There is a fundamental misunderstanding about what it takes to secure the mainframe

Mainframers need better tools, training and education, writes Ray Overby, co-founder and president of Key Resources

In today’s world, mainframes play a critical role in the daily functioning of most of the largest corporations and in many cases are the backbones of data centres. They keep daily operations up and running in industries ranging from banking to insurance to government, to name a few. In fact, 71 percent of global Fortune 500 companies use mainframes, as mainframes handle 68 percent of the world’s production IT workloads.

Mainframes are mission-critical, but they’re often taken for granted – especially when it comes to mainframe security. Despite the mainframe’s well-earned reputation for being the most securable platform, mainframes still need to be given as much attention as any other computing system when it comes to security.

Perhaps because of this misconception, there’s an issue in the mainframe world with complacency around security. And, in today’s cloud-first mentality, many organisations are actively working to secure their new cloud infrastructure, but they’re not necessarily working to ensure the security of mainframes, which also increasingly interact with the cloud.

A recent Forrester Consulting study put some context around this issue. The survey found that while 85 percent agree that mainframe security is a top priority for their company, just 33 percent always or often take the necessary steps to protect the mainframe.

Security isn’t being factored into decisions about mainframe security. The unfortunate truth is that complacency around mainframe security is putting countless mainframes – and the mission-critical data they hold – at risk.

What’s the risk?

The same study found that 95 percent of companies are worried about the potential of customer data breaches on the mainframe. That’s with good reason, since data breaches are incredibly costly and becoming more and more prevalent. All it takes is one data breach to seriously damage an organisation.

In the US, the average data breach could cost a company $7.9 million (6.24 million), and the cost for each lost or stolen record containing sensitive information averages $148 (£116).

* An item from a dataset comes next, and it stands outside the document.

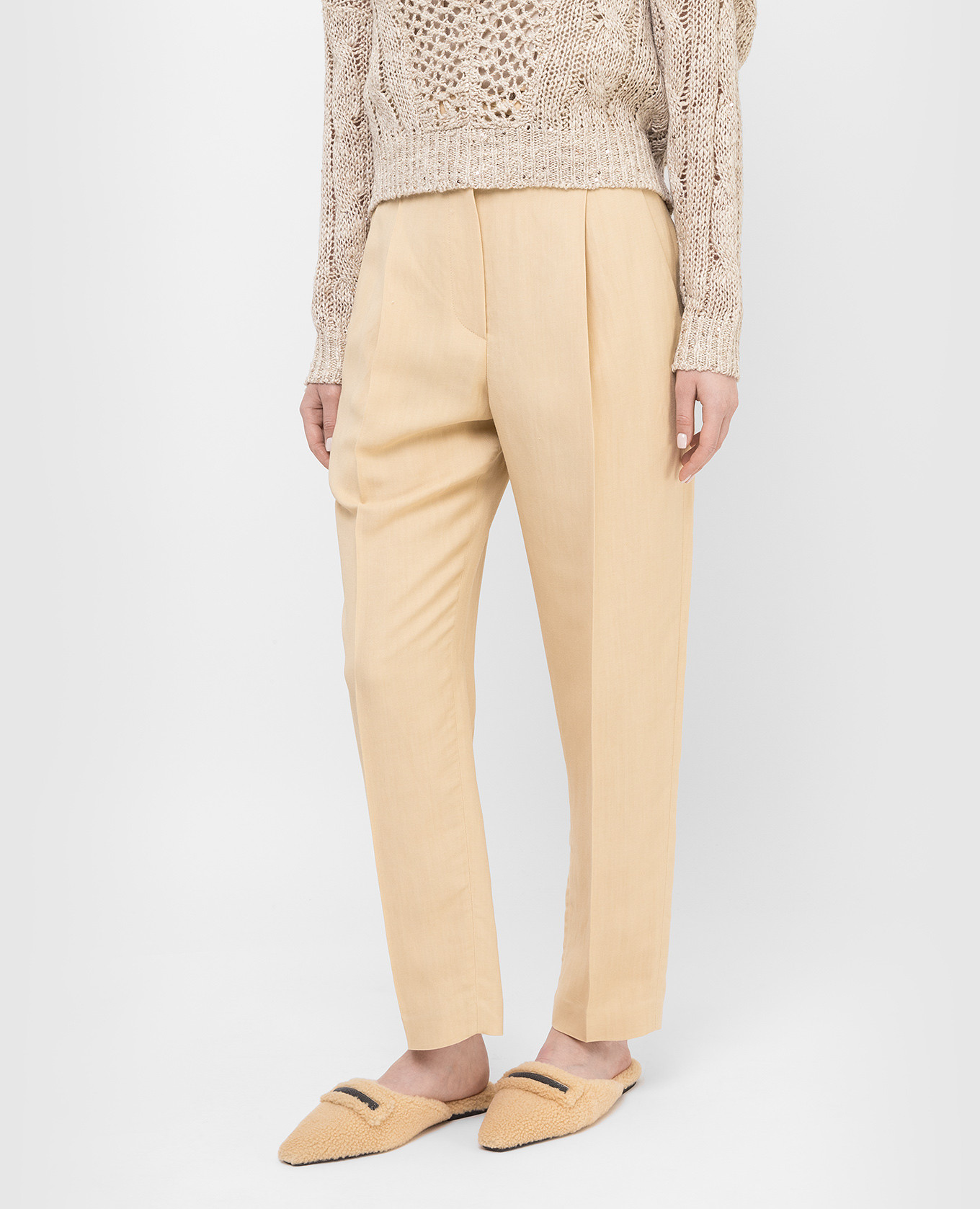 

High waisted yellow trousers Brunello Cucinelli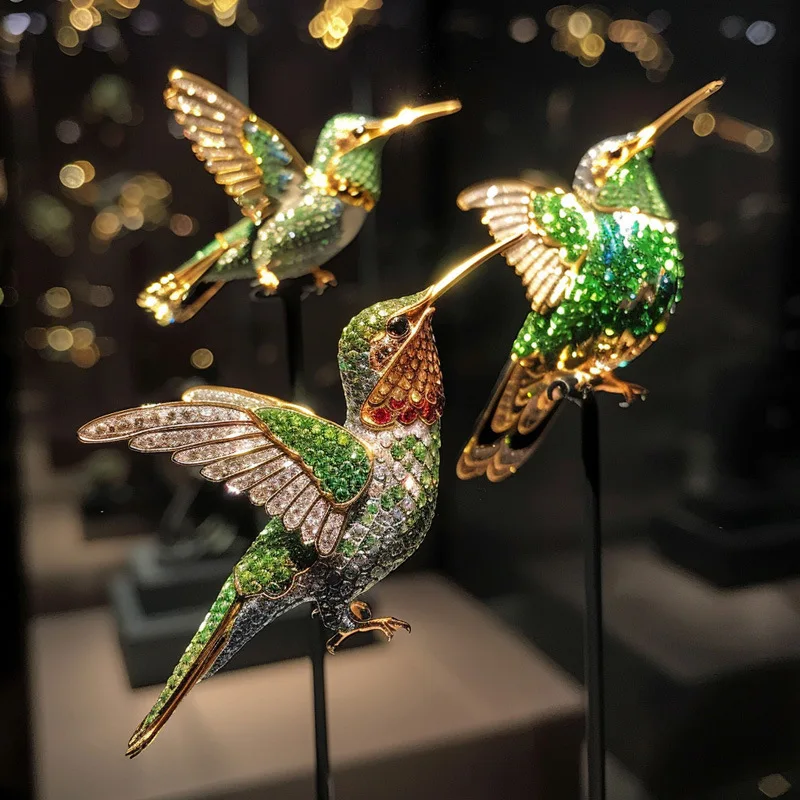 

Zircon animal hummingbird brooch, heavy industry exquisite gift corsage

Mainframe security misconceptions

Part of the problem is that there’s a fundamental misunderstanding among IT managers and security professionals around what it takes to secure the mainframe. Even though data breach prevention is a top priority, scanning for operating system (OS) vulnerabilities came in last place on companies’ to-do list according to the same Forrester study.

That’s misguided, since actively scanning for vulnerabilities is a critical way of preventing data breaches. A separate February 2019 Forrester study, “The State of Application Security, 2019,” revealed that, among companies who have experienced a breach within the last year, 35 percent were caused by an exploited vulnerability.

In order to minimise the potential for a data breach, organisations have to secure the operating system first. That’s where hackers go looking to gain access to critical corporation data, through escalation of privileges.

Exploiting OS-level vulnerabilities

Here’s how it happens. Vulnerabilities pop up because of bad code introduced to the mainframe operating system, which can happen during an OS upgrade, standard maintenance or the introduction of a new third-party software product. Vendors try to catch these gaps, but many still make it through because it’s very difficult to anticipate how software will run in every client environment.

Hackers who exploit these OS-level vulnerabilities have full access to mainframe data, applications and users. They can escalate their own user privileges, dig into data from hundreds of applications and thousands of users, and then completely cover their own tracks, so you’ll never know they were there. It’s a PR and security nightmare waiting to happen.

What does this era of complacency mean for the mainframe world, going forward? The good news is that most companies understand their own limitations around preventing zero-day attacks, and IT managers know that they need help with their mainframe security. 86 percent of those surveyed in the complacency study admitted that protecting their systems from zero-day attacks is their biggest challenge.

As a result, more and more companies are looking outside of the organisation for help review security and compliance. Better training, resources and education will give mainframers the tools they need to adequately manage the security of these mission-critical systems.